Every summer, I spend some significant time looking back on the past year. I do my very best to determine what went well, and areas where I think we need to improve. I then try to chart the course for the upcoming year. Of course, I bring the outline of my ideas to my administrative team (usually during our annual retreat), where we dissect them, make adjustments (including adding some items and subtracting others) and come up with a more formal plan. The next step is to bring them to my Leadership Team, who in turn shares them with their various departments and teams for some feedback and final adjustments. I am sure this is very similar to how you operate in your building or other leadership position.

The reason I share this with you is that I am currently finishing up the first stage and I am coming up with a few areas where we need to improve. One of the biggest areas where I think we need some work is on parent engagement. Not parent involvement. These are two very separate things. We have tons of parent involvement, a great PTA, plenty of volunteers, awesome financial support (I know I am very lucky). ENGAGEMENT is an entirely different thing. I am currently reading Peter M. DeWitt’s book Collaborative Leadership: Six Influences that Matter Most, which is a great read. He states it like this:

“Too many times family engagement means to educators that parents should support what teachers want. This is very one-sided. Family engagement shouldn’t be about making sure the needs of the school are met. Family engagement is about a collaborative relationship between staff and parents with students at the center.”

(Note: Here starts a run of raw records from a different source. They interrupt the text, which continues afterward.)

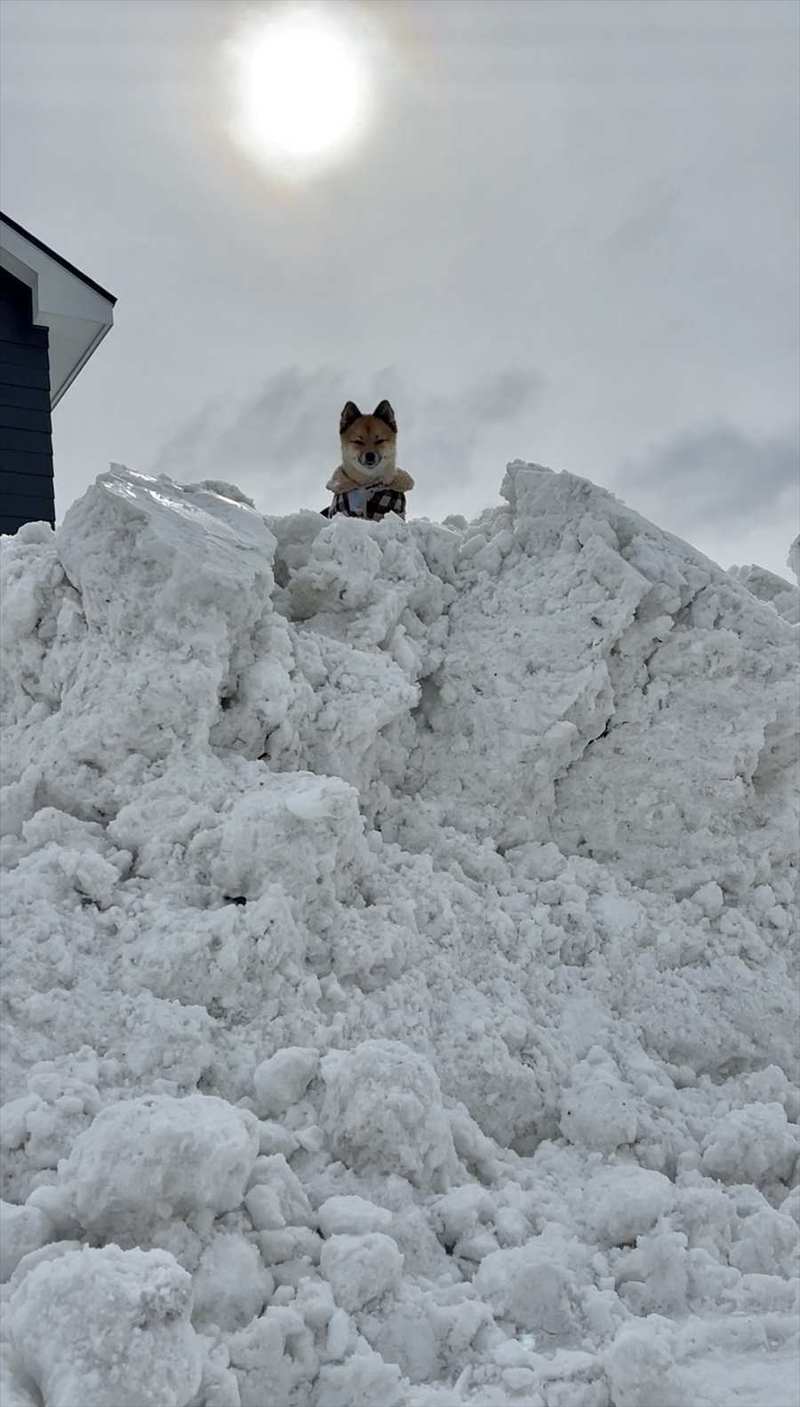 除雪車が家の前に雪を置いていき雪山状態に・・。絶望の状況と気持ちを払拭してくれた頂に立つ愛犬の姿が話題に！！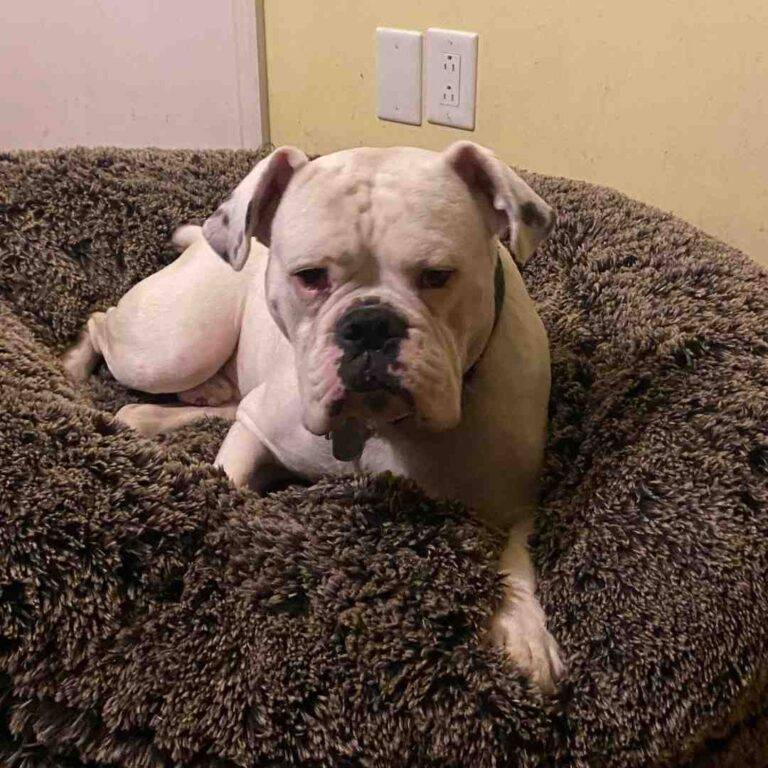 Handsome valley bulldog for adoption in california md – supplies included – adopt cruiser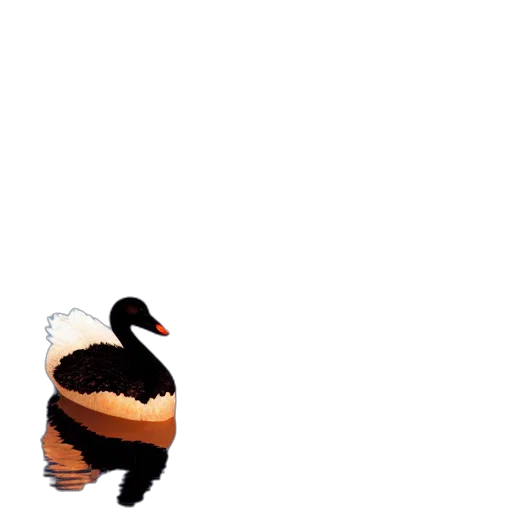 animal, creature, hat, hair transparent PNG cut-out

THAT got me thinking about the role of our parents in our kids education. I started to think about how are parents are engaged, and I found that we were wanting. So, as I started to plan for next year, I came up with some ideas on how we can increase or parent ENGAGEMENT. Here is what I came up with:


I truly believe that we do a pretty good job with this one. We utilize a variety of social media platforms (Facebook, Twitter, Instagram, weekly e-newsletter) and we have almost zero complaints from parents about information flowing from the school. Read that again…FROM the school. This year I want to work on information and communication flowing TO the school. We are going to work with parents to share great things their students are doing outside of the school walls. I am also going to encourage parents to utilize two-way communications on our social media networks.

Parent Advisory Committee

I already have an advisory council made up of students, but I am going to step out of my comfort zone and do the same thing for parents. Taking DeWitt’s comments to heart, I want parents on there that don’t necessarily agree with me. I see this as a win-win (even though it makes me terribly nervous). Parents win because they have a voice in the process that they made not have felt they had before. The school wins because we now have a group of parents who can act as ambassadors for the school in the community. Win-win.

School Environment

This year, to the best of our ability, we are going to make sure that parents feel welcome to the school. I’m not saying that we don’t already do this, because I think we do. But I want this to be a focus of our entire staff. There are parents out there (you can name them in your building) that no matter what you do, they are not going to be satisfied with our efforts. But that doesn’t mean we don’t make EVERY effort to welcoming every parent. Part of that welcoming every parent includes events that invite them in to be a part of the educational process. Not events where they sit and get talked to (we all know how that feels), but events where they can actually come in and be actively engaged in what their students are learning. If they understand

Parents as Partners

DeWitt talks about making parents partners in the process, and he is right. We met with our central office Family and Community Engagement department to come up with ways to encourage parents to become partners in the educational process. We are going to share a Google Doc with parents, asking them for ways that they can help us, engage with the school as a whole. This could be a business that will share resources or volunteers, individual parents who can contribute by acting as authentic audiences for our PBL lessons or be guest experts in the classroom for a lesson. We are going to do the same thing with staff (many of whom live in the community) to see if there are spouses or other people they know who can contribute.

There is a great PDF put out by the Virginia Department of Education that has some wonderful ideas on how to engage parents in your school. You can find it HERE. please feel free to share any ideas that your school uses to increase parental engagement as well.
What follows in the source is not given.